- Problem to solve: If pictures are present, leave them out, and copy the data word for word.
--- Available data ---
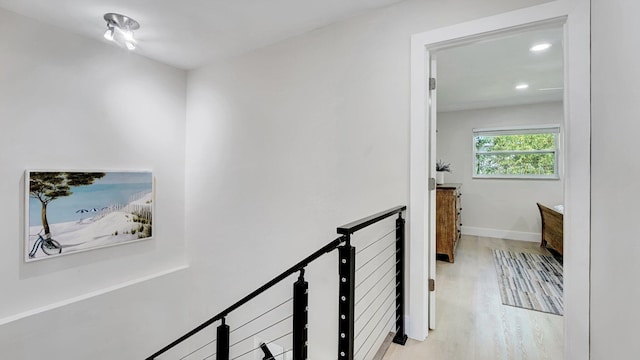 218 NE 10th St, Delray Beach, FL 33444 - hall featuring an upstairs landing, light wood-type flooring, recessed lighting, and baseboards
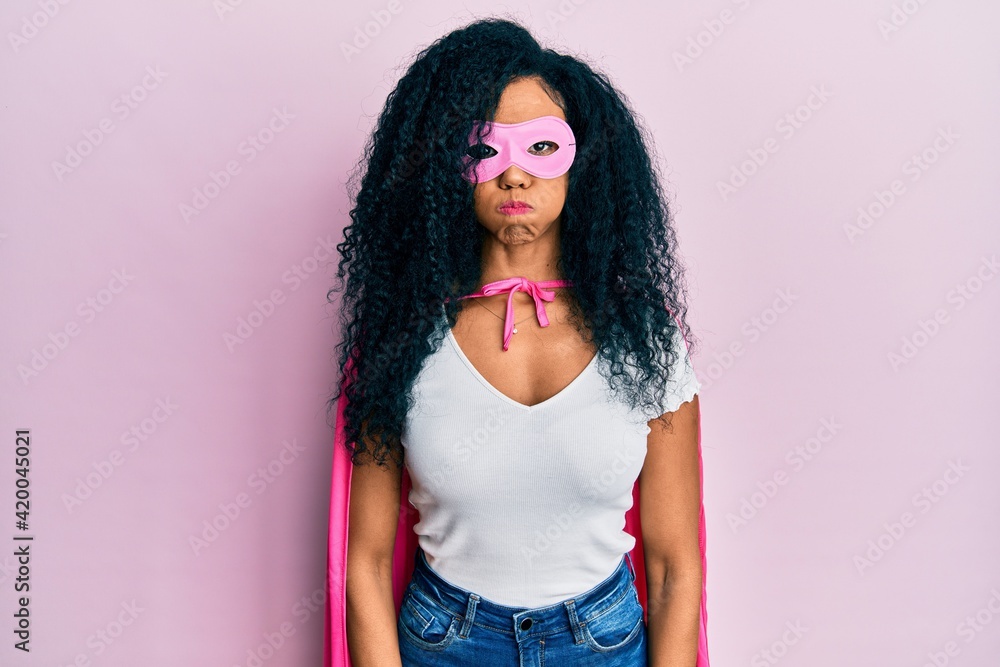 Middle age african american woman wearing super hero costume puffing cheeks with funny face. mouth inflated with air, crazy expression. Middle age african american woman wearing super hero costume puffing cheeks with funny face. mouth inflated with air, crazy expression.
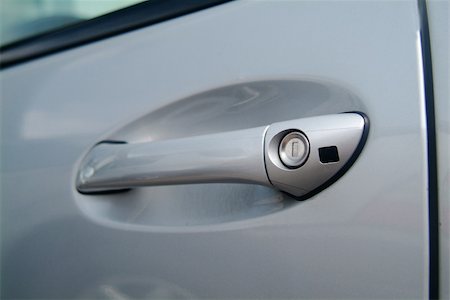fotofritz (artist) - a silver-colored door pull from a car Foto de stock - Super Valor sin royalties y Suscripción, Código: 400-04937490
---
- Solved problem:
 218 NE 10th St, Delray Beach, FL 33444 - hall featuring an upstairs landing, light wood-type flooring, recessed lighting, and baseboards
 Middle age african american woman wearing super hero costume puffing cheeks with funny face. mouth inflated with air, crazy expression. Middle age african american woman wearing super hero costume puffing cheeks with funny face. mouth inflated with air, crazy expression.
fotofritz (artist) - a silver-colored door pull from a car Foto de stock - Super Valor sin royalties y Suscripción, Código: 400-04937490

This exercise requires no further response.